Short web captions:

□ □ □

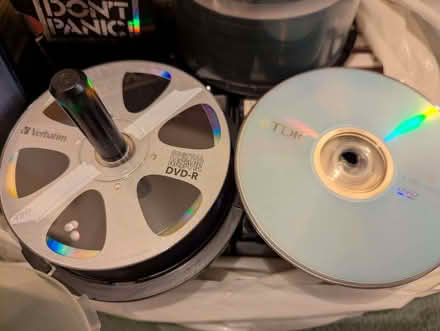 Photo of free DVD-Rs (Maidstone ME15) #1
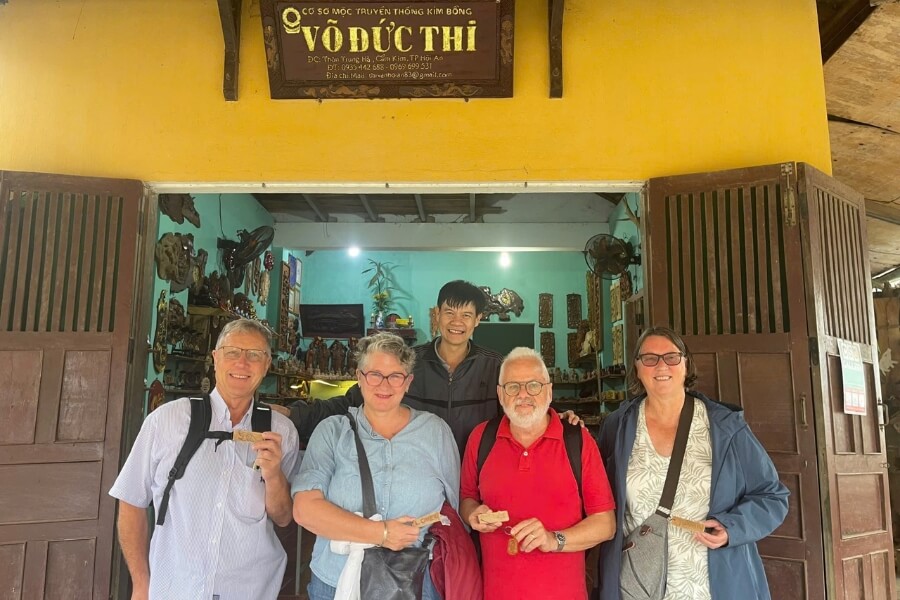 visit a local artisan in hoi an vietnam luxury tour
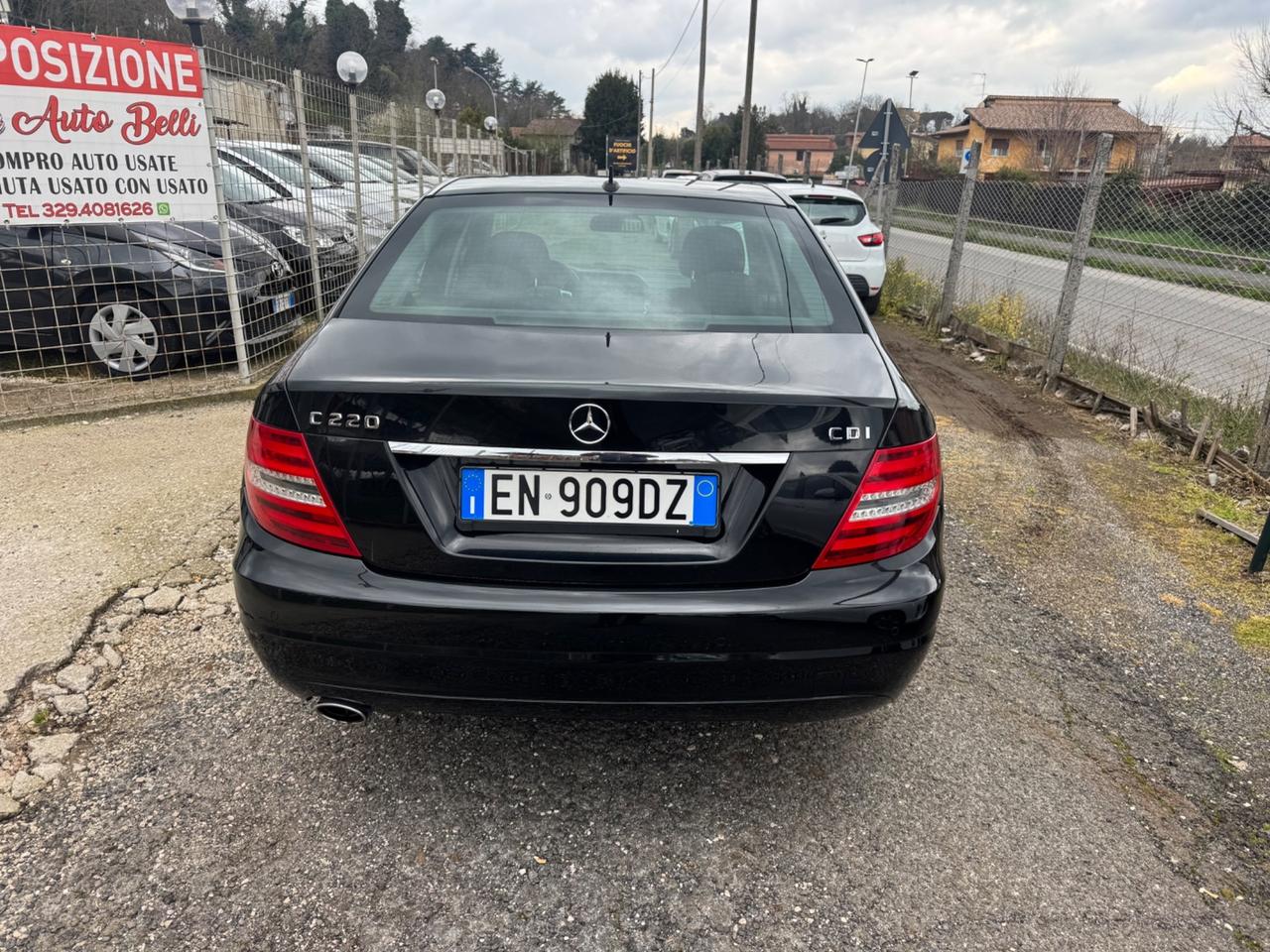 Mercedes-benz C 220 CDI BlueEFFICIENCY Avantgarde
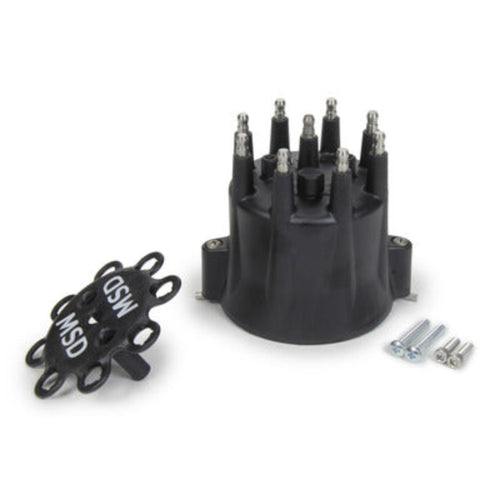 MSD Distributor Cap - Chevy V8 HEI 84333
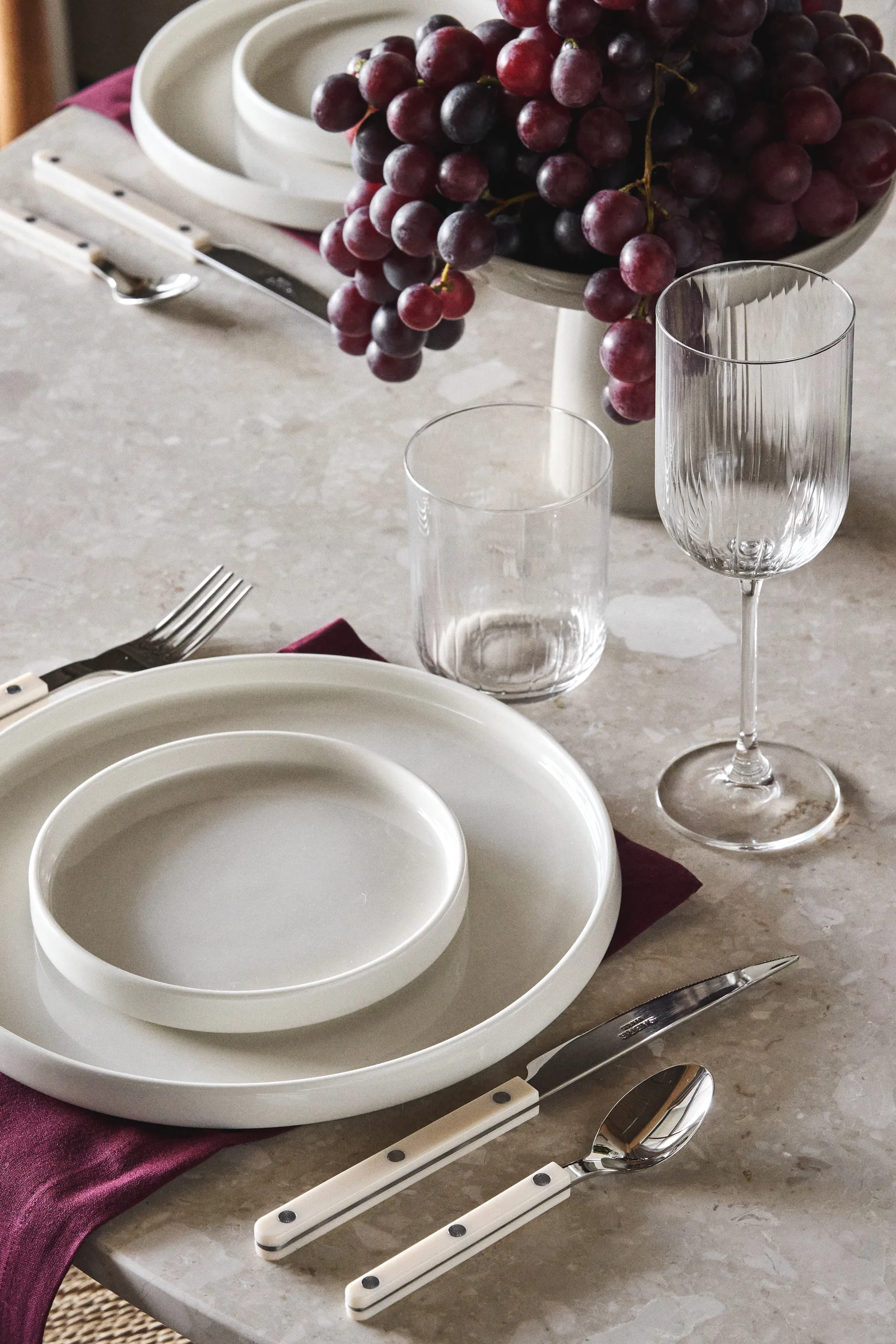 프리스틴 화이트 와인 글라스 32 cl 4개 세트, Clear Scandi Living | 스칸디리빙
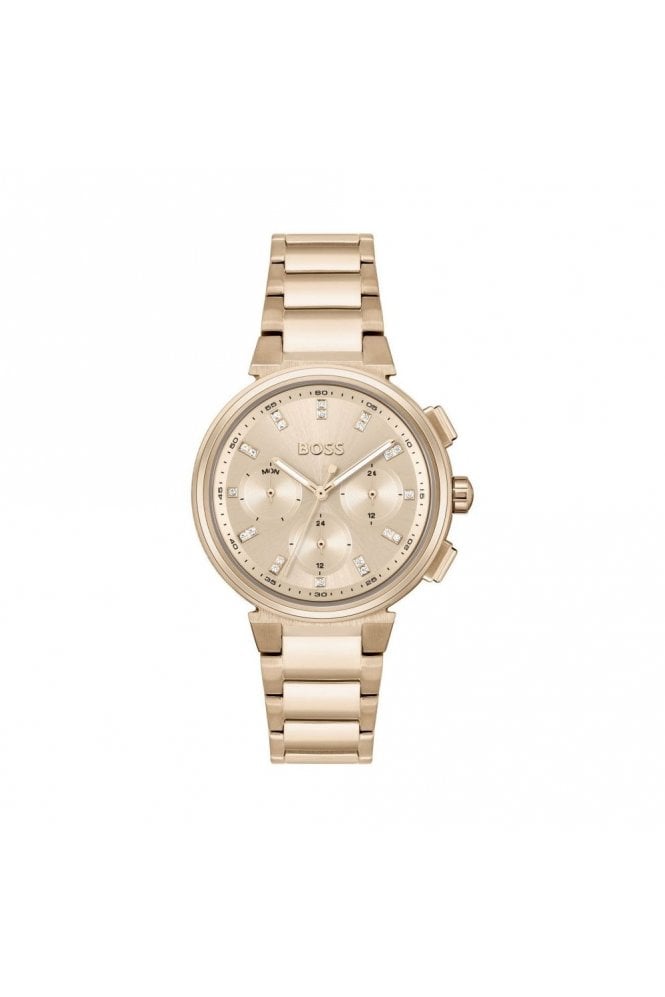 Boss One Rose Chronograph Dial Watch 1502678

□ □ □

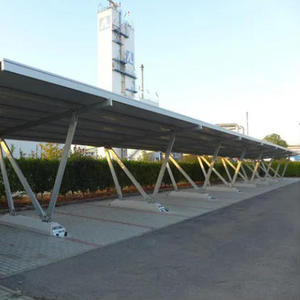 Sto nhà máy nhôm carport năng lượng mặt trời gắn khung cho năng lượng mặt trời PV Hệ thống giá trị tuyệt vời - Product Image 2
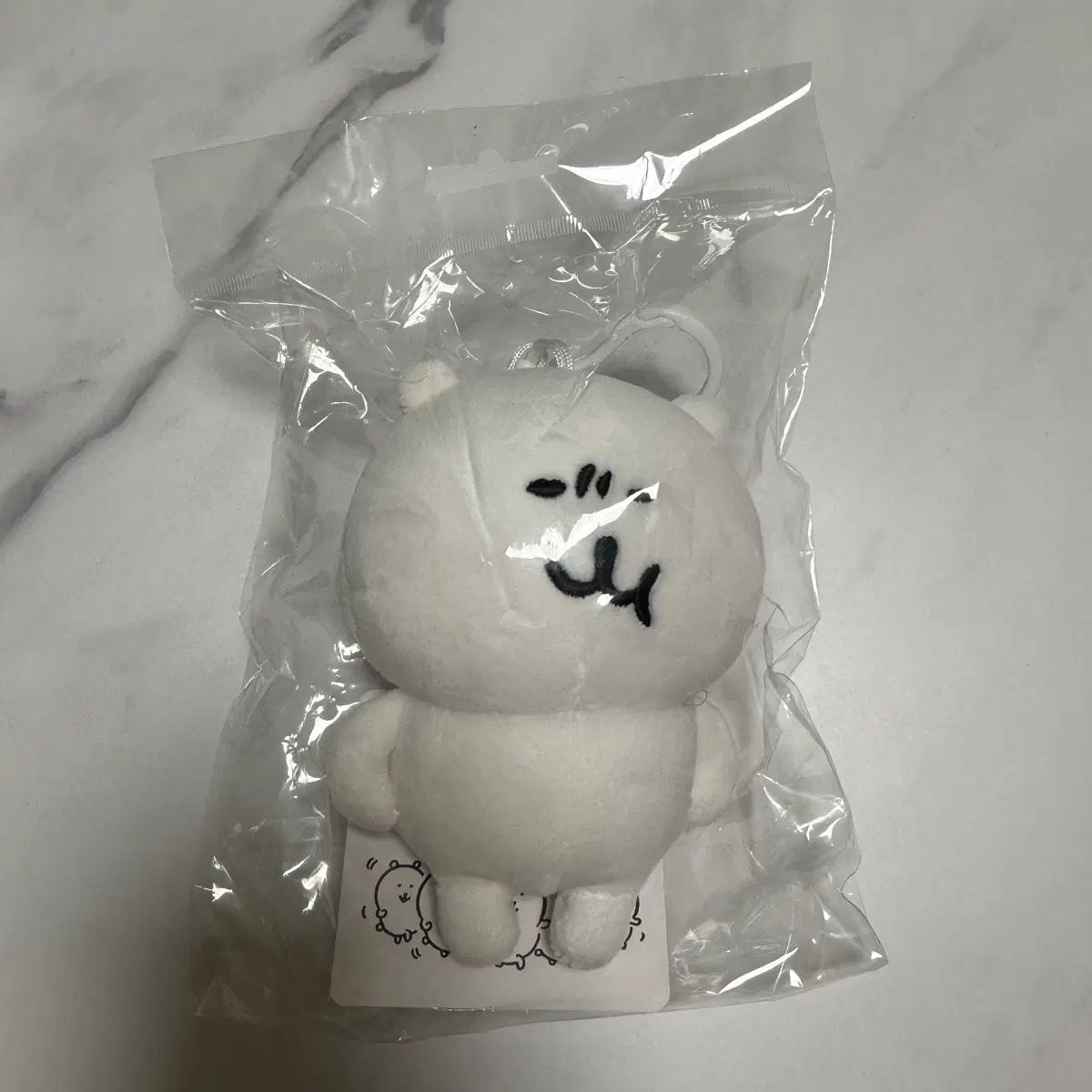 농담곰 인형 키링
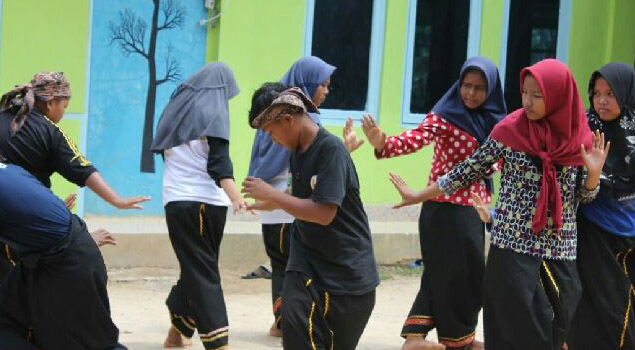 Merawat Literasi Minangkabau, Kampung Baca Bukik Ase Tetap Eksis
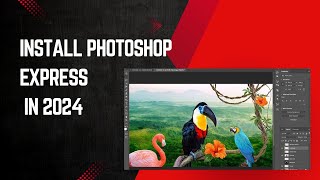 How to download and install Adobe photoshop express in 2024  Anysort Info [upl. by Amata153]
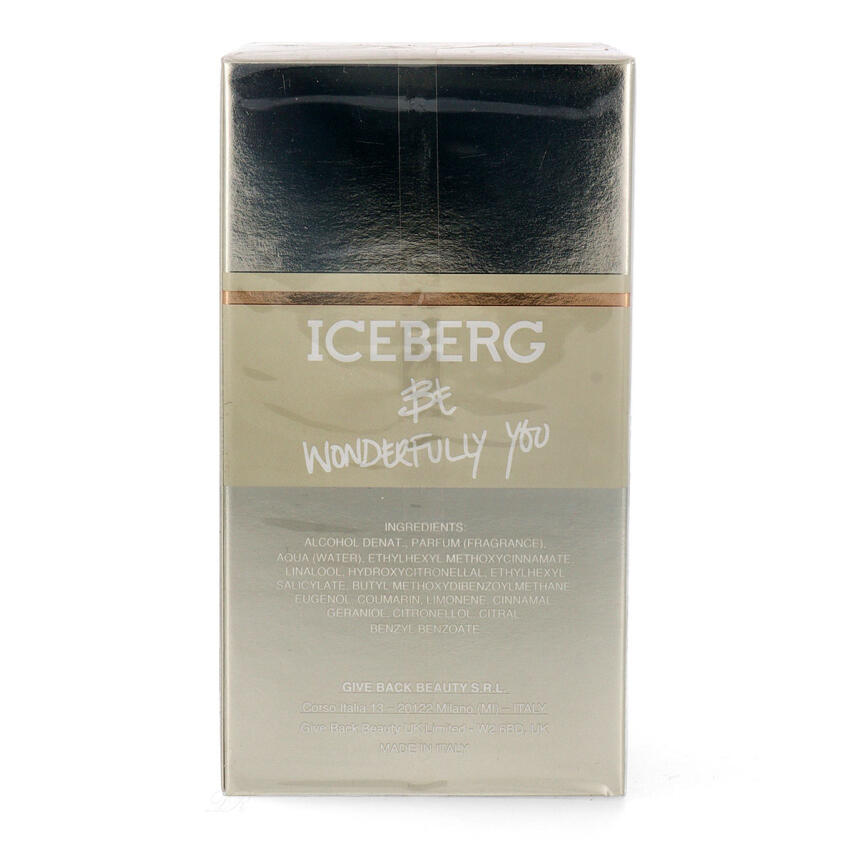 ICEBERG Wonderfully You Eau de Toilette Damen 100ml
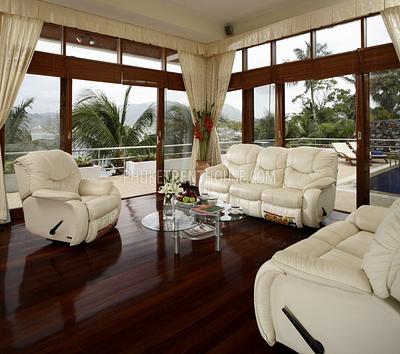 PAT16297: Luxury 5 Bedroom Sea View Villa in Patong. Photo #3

□ □ □

» **Assignment**
When you reach the line containing "프리스틴 화이트 와인" in the entries above, begin restating word for word, and stop once the line containing "Boss One Rose Chronograph Dial Watch 1502678" has been given. Omit the pictures.

» **Result for this task**
 프리스틴 화이트 와인 글라스 32 cl 4개 세트, Clear Scandi Living | 스칸디리빙
 Boss One Rose Chronograph Dial Watch 1502678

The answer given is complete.